EN VI

How can I replace values for each week with the value of a single day?

I'm trying to look at how changing sampling frequency affects results for my dataset. So I'm trying to take data collected every day and make it weekly.

I'm trying to create a new column where all days have both a daily value for y and a weekly value for y. I have weeks as a numerical and also all days stripped out. I also have a date if that's more useful.

data <- data.frame(Week = c(21,21,21,22,22,22), Day = c("Monday","Tuesday","Friday","Monday","Tuesday","Friday"), x = c(5,7,8,6,5,4), y=c(3,2,4,6,8,2))

Week	Day	x	y
21	Monday	5	3
21	Tuesday	7	2
21	Friday	8	4
22	Monday	6	6
22	Tuesday	5	8
22	Friday	4	2

I can select a random weekday fine:

weekdays <- c("Sunday","Monday","Tuesday","Wednesday","Thursday","Friday","Saturday") randay = sample(weekdays,1)

I've tried to use if_else to replace but I don't think I'm selecting the day properly:

data$y_week <- if_else(test = data$day == randay , yes = data$y, no = data$y_week)

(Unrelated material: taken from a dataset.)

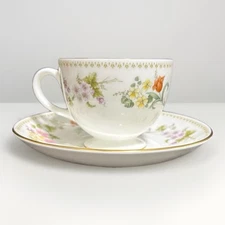 Wedgwood Mirabelle R4537 Footed Tea Cup and Saucer Set Made in England (M)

Ideally I'd like to get something like this where the day of the week is selected randomly for each week individually (which I think I'd need to add some pipes, but I'm struggling to just replace values right now): Lets say our random value for week 21 was Monday, and week 22 was Tuesday

Week	Day	x	y	y_week
21	Monday	5	3	3
21	Tuesday	7	2	3
21	Friday	8	4	3
22	Monday	6	6	8
22	Tuesday	5	8	8
22	Friday	4	2	8

I'd like to keep x in the data frame because later I'm going to multiply each daily value of x by y, but I think I could join a dataframe with separate week values back to the original if I was able to get that.

Thanks for the help!

Solution:

If I understand the problem correctly, this is easily accomplished using the dplyr package, as follows:

First group() the dataset by week, to allow the computations be done week by week.
Create additional column using mutate() where you randomly select one day of each week as an intermediary helper variable.
Use mutate() again to obtain the y value that corresponds to the random date you selected, and assign it to the new column y_week.
Finally, you can remove the helper variable random_day from the dataframe if you won't need it anymore.

set.seed(999) #set seed for reproducebility

data <- data %>% 
  group_by(Week) %>% 
  mutate(random_day = sample(Day,1)) %>% 
  mutate(y_week = y[Day == random_day]) %>%  
  select(-random_day)

Hope this helps!